▸ Instructions to follow: Restate the listing below word for word, and leave its pictures behind.

==========

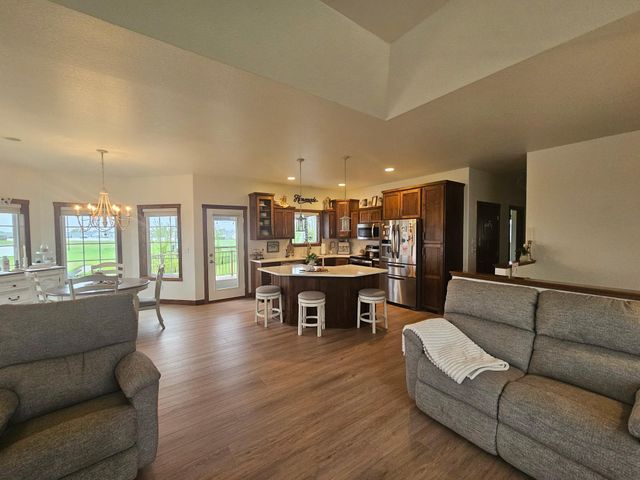 5002 45th Avenue S, Fargo, ND 58104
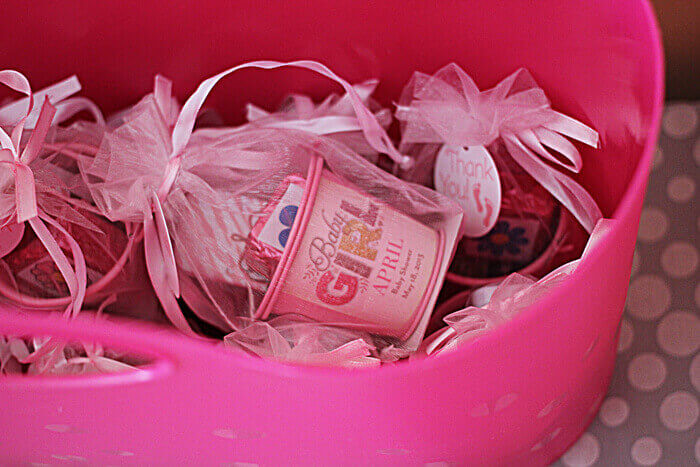 Creative Baby Shower Hostess Gifts
 Creative Baby Shower Hostess Gifts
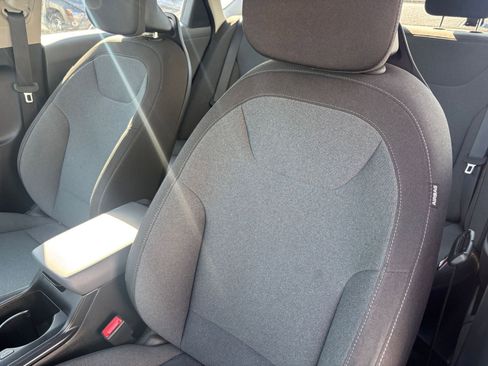 Used 2025 Kia K4 LXS FWD image 35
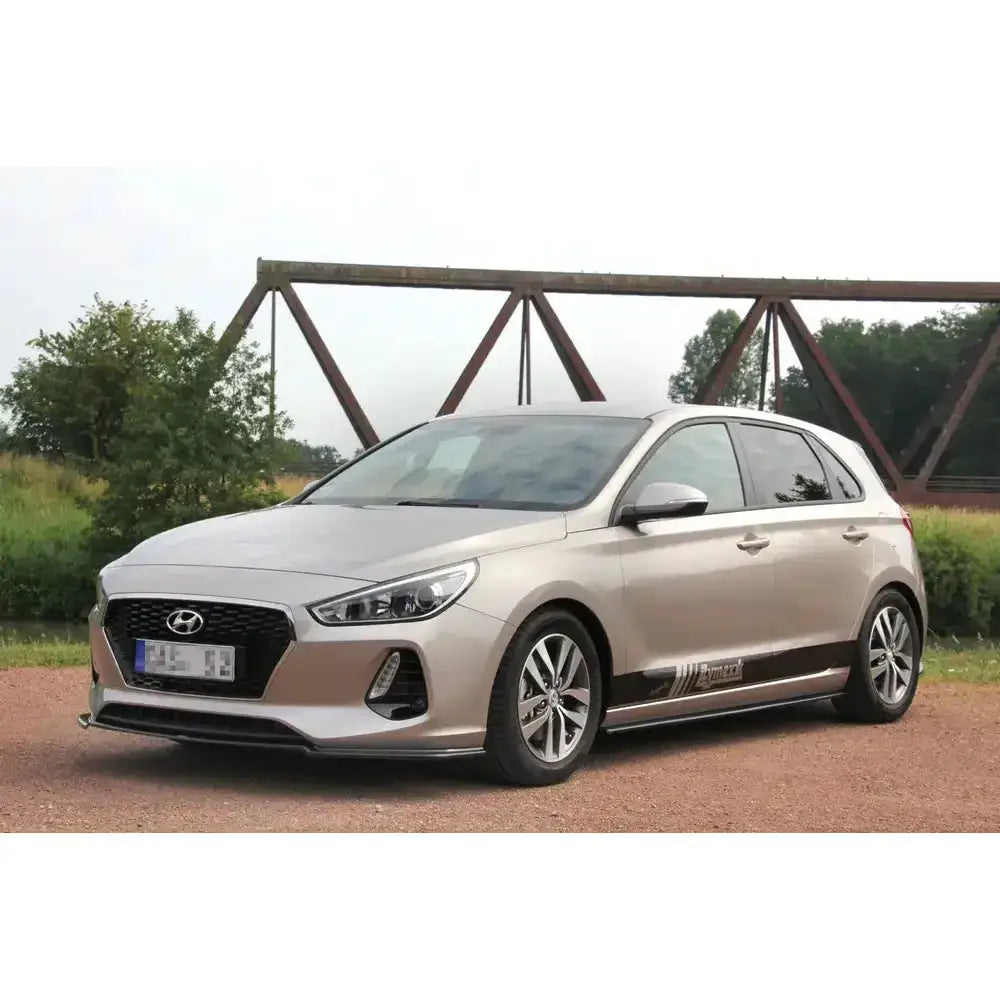 Front splitter på Hyundai I30 Mk3 Hatchback med svarte og kromdetaljer, sett skrått forfra.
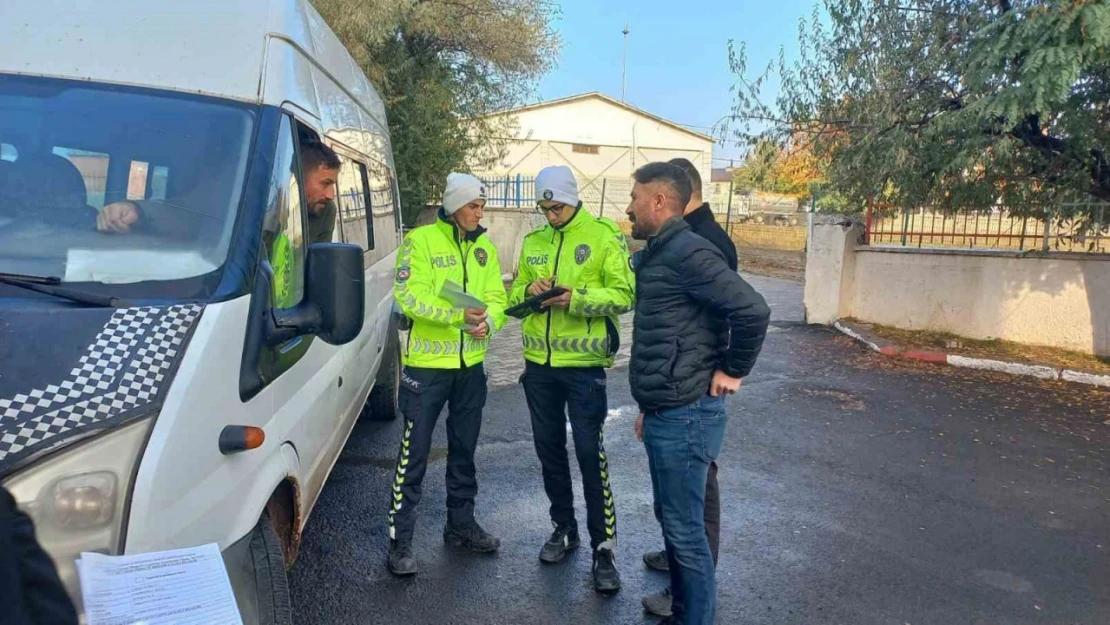 Ağrı'da öğrenci güvenliği için okul servisi denetimleri yoğunlaşıyor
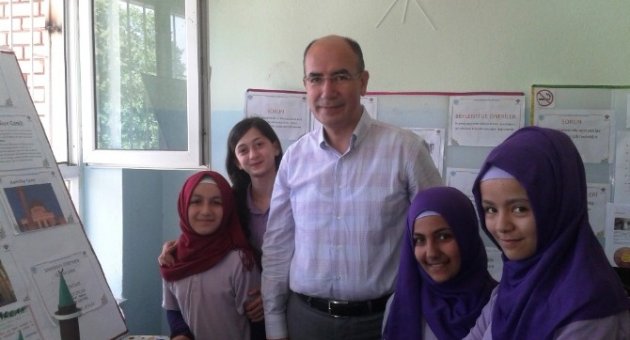 Ayvalık İmam Hatip Ortaokulunun Tübitak Bilim Fuarı Büyüledi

==========

▸ Solution:
 5002 45th Avenue S, Fargo, ND 58104
 Creative Baby Shower Hostess Gifts
 Creative Baby Shower Hostess Gifts
 Used 2025 Kia K4 LXS FWD image 35
 Front splitter på Hyundai I30 Mk3 Hatchback med svarte og kromdetaljer, sett skrått forfra.
 Ağrı'da öğrenci güvenliği için okul servisi denetimleri yoğunlaşıyor
 Ayvalık İmam Hatip Ortaokulunun Tübitak Bilim Fuarı Büyüledi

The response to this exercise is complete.